If you’ve perused Crypto Twitter at all over the past week or two, you likely would have noticed the incessant mentions of a Bitcoin price fractal. (editor’s note: a fractal, in the context of financial assets and their respective charts, is a certain historical chart formation/price action repeating on a smaller scale at a different time or for a different asset.)
The thesis of many analysts is that the recent collapse in the Bitcoin price from $10,000 to $7,700 was a microcosm of 2018’s bear market. More specifically, they say that this 20% collapse and the subsequent consolidatory price action is similar to what took place at the end of 2018 and at the start of 2019, during which Bitcoin fell from $6,000 to $3,000 in a short period of time.
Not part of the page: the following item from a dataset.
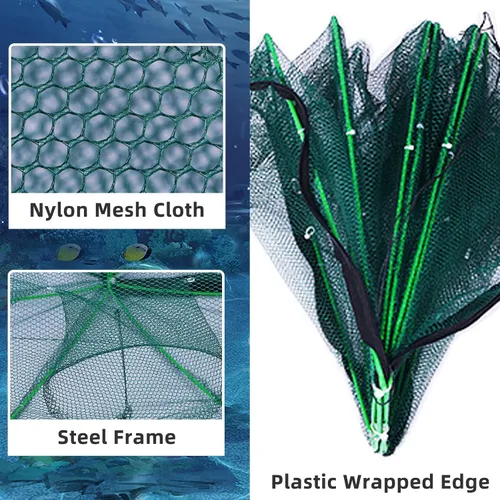 Vista 5 de 3 Pcs Foldable Fishing Net Accessories for Crab Crayfish Shrimp:Fishing Landing Net with Telescoping Pole Handle, Collapsible Crab Trap Hexagon and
This fractal, which thoroughly implies that BTC has established a long-term bottom, has continued to gain steam as of late. Brave New Coin’s Josh Olszewicz noted that Bitcoin’s current four-hour chart continues to trace historical price action to an absurd accuracy, with price entering an ascending triangle.
Others have further corroborated this analysis. Truenomic recently drew even more apparent parallels between the current Bitcoin price action and what took place at the end of the bear market. Referencing the charts below, he wrote:
In addition to the fact that bitcoin moves in cycles, many movements on the chart are repeated on completely different time frames, because these are ordinary patterns. I have gained confidence in the similarity of these two situations, so at the moment I’m bullish.
There are other signs hinting that Bitcoin has bottomed for now. Bitcoin’s one-day Moving Average Convergence Divergence (MACD), a lagging indicator that tracks market trends and momentum, has crossed into the green after a precipitous drop to the most oversold levels since the December crash. An analyst noted in reference to this technical indicator that bullish MACD crosses “always were followed by price rises [previously],” before adding that Bitcoin has the potential to reach $12,000 by November.